Sister Jean’s first assignment in 1954 was to open Queen of the World Hospital, Kansas City, MO with other Maryknoll Sisters. Ten years before the Civil Rights Act banned discrimination in the workplace, the team of Maryknoll Sisters opened an integrated hospital in Kansas City,  with African American and white staff serving together. Jean, as Medical Technologist, was supervisor of the laboratory, which she had set up. Jean made her Final Vows on March 7, 1960 in Conception, MO. She talked often of the unique experience of her ten years in Kansas City, where she met Sister Madeline Maria Dorsey, one of the friends at her bedside before she died.

Sister Jean spent the majority of the next thirty-six years in Taiwan. While studying Taiwanese in Changua, she helped Sister Antonia Maria, MD in the clinic. She worked as a medical technologist at the U.S. Navy Medical Research Unit #2, in Taipei, Taiwan from 1967-1974. During this time she was the holder of a Fellowship in the Department of Pathology. She was also an advisor at the Diocesan Hospital laboratory.  In the 1960’s, Jean’s parents travelled to Taiwan via ship, accompanied by Sister Andrée Normandin – some twenty-five days on the ocean. They shared a delightful few weeks with Jean. From 1975-1979, Sister Jean worked in the Treasury and Personnel Departments at Maryknoll Sisters Center, NY.

After returning to Taichung, Taiwan in 1979, Jean volunteered at the Populorum Progressio Institute – a leader in Catholic Social Justice ministry education in Taiwan, both as an English secretary for the Credit Union League and as a staffer for the Institute from 1979-1988. From 1988 to 1990, Jean worked as a parish volunteer in the town of Feng Lin, Hualien County. She also served for several years as a member of the Regional Governance Team and as the Regional Bookkeeper. In 1991, Jean volunteered her services as an English secretary for the Sheng Kung Sisters at St. Joseph’s Hospital in Kaohsiung, Taiwan.

Jean returned to the Maryknoll Sisters Center, NY in 1993, and as a member of the Rogers Community, she worked as office assistant in the Rogers Council office and then was a volunteer in the Support Service Office until 2006. All her life Jean loved opera. That made it so easy to choose a birthday or Christmas gift for her. The Three Tenors ranked among her favorite CD’S. She often shared the fruits of her reading with insightful and challenging comments on current justice issues. Whenever she found a particularly good book, she would share it with others so all could benefit.

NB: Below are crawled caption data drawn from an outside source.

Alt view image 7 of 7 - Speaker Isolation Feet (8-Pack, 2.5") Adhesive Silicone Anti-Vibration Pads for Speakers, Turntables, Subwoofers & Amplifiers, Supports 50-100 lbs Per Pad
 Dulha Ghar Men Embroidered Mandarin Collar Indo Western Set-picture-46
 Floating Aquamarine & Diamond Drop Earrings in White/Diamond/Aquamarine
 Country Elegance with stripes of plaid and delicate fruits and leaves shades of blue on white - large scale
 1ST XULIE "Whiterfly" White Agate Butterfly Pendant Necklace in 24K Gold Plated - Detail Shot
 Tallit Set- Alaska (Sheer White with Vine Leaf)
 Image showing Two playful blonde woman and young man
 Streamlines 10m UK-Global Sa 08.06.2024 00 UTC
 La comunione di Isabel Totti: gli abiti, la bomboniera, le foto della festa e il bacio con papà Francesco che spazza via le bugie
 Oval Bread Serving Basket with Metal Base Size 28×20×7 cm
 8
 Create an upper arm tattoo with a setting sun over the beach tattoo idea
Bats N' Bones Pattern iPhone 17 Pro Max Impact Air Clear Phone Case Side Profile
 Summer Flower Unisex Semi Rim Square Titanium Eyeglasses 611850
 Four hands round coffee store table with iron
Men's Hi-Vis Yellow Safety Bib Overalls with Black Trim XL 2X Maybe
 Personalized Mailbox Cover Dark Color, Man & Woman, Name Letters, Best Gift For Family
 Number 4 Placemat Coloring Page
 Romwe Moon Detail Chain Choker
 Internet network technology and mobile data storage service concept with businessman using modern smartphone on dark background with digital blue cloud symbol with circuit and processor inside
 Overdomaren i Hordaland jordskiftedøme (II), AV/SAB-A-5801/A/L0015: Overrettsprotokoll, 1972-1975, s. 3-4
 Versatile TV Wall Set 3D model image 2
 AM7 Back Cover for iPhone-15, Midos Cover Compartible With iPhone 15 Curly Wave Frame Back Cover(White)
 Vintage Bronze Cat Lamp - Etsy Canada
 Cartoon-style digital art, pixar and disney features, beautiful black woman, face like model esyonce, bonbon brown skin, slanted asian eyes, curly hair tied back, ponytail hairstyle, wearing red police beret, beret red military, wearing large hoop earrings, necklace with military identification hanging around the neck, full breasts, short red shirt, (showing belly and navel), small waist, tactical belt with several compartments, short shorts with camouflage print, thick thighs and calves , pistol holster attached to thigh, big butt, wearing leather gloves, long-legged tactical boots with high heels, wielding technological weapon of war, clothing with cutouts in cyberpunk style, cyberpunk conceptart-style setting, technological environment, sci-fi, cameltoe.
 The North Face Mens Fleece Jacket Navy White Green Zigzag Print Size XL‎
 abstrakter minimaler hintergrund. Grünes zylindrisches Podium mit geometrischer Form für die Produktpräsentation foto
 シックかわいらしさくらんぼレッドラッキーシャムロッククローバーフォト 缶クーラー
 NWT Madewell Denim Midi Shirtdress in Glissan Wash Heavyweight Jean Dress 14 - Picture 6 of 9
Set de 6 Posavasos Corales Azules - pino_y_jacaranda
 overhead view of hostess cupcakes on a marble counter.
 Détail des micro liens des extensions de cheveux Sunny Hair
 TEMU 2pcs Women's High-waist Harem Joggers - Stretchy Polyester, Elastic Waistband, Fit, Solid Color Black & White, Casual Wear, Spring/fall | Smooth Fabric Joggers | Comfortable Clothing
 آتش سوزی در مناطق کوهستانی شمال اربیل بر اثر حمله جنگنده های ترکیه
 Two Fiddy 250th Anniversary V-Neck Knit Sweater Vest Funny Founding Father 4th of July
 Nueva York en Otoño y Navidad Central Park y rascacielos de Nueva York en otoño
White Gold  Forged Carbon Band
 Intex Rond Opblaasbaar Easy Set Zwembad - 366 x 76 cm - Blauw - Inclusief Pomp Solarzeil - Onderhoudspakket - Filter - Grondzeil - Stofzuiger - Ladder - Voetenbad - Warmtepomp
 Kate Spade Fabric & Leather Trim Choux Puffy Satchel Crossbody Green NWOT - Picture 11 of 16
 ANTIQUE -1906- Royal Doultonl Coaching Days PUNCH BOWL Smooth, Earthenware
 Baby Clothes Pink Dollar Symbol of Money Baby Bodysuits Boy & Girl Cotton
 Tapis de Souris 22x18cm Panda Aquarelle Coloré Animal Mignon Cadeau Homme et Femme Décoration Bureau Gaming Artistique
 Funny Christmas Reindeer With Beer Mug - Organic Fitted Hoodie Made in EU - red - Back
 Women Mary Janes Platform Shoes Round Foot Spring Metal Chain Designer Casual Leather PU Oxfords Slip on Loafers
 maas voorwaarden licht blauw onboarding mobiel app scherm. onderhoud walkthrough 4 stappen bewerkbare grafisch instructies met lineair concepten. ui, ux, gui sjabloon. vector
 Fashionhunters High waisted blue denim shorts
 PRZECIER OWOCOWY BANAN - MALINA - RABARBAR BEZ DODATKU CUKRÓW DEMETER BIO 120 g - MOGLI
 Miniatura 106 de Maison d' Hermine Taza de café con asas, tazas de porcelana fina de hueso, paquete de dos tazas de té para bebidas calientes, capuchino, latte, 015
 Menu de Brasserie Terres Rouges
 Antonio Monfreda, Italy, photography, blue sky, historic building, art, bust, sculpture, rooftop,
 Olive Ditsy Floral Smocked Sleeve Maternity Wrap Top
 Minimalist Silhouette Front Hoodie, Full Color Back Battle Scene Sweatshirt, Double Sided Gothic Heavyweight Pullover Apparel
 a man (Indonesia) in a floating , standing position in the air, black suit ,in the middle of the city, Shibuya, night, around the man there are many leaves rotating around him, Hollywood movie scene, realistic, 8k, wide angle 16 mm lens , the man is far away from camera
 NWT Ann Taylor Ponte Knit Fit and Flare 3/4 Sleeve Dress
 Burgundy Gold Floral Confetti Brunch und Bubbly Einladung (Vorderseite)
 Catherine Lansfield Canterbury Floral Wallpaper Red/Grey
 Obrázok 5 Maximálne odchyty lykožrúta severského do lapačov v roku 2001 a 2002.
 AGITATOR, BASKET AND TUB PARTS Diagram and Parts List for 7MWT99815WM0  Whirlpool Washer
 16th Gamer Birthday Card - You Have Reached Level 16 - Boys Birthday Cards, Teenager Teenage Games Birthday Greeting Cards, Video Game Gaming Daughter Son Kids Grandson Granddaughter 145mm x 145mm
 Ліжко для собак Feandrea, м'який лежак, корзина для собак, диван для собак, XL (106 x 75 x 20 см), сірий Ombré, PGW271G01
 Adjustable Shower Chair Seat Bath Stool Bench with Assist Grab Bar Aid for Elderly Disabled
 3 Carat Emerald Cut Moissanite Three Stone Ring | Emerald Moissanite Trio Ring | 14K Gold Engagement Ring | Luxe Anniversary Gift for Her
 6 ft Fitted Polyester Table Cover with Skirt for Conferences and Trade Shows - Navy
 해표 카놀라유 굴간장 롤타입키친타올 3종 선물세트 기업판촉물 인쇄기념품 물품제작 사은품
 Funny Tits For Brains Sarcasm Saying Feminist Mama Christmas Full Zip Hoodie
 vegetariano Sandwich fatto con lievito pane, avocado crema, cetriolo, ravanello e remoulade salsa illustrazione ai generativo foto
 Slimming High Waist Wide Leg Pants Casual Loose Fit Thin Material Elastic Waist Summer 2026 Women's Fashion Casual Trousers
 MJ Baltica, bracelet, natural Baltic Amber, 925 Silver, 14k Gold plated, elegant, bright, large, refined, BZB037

Jean was a wonderful person to live with in community, supportive and kind, always expressing interest in what others were doing. Often, with a twinkle in her eye and an unexpected comment she would call attention to the incongruities of life. In the late 1960’s in Taiwan, a group of Sisters posed for a photo of themselves in their “new” habits of grey skirt and blouse with a simple head veil. They did not suspect at the time that this photo would grace the display window of the photographer for the next couple of years! Jean referred to it as the “war widow” picture. Wherever she served in ministry, Jean brought the same gentle presence and a quiet, behind-the-scenes dedication to her work.

We welcome and are happy to have with us today Jean’s three nieces, along with other family members.

We also welcome our Maryknoll brother, Father Jack Sullivan, who will preside at our Eucharistic Liturgy of Christian Burial.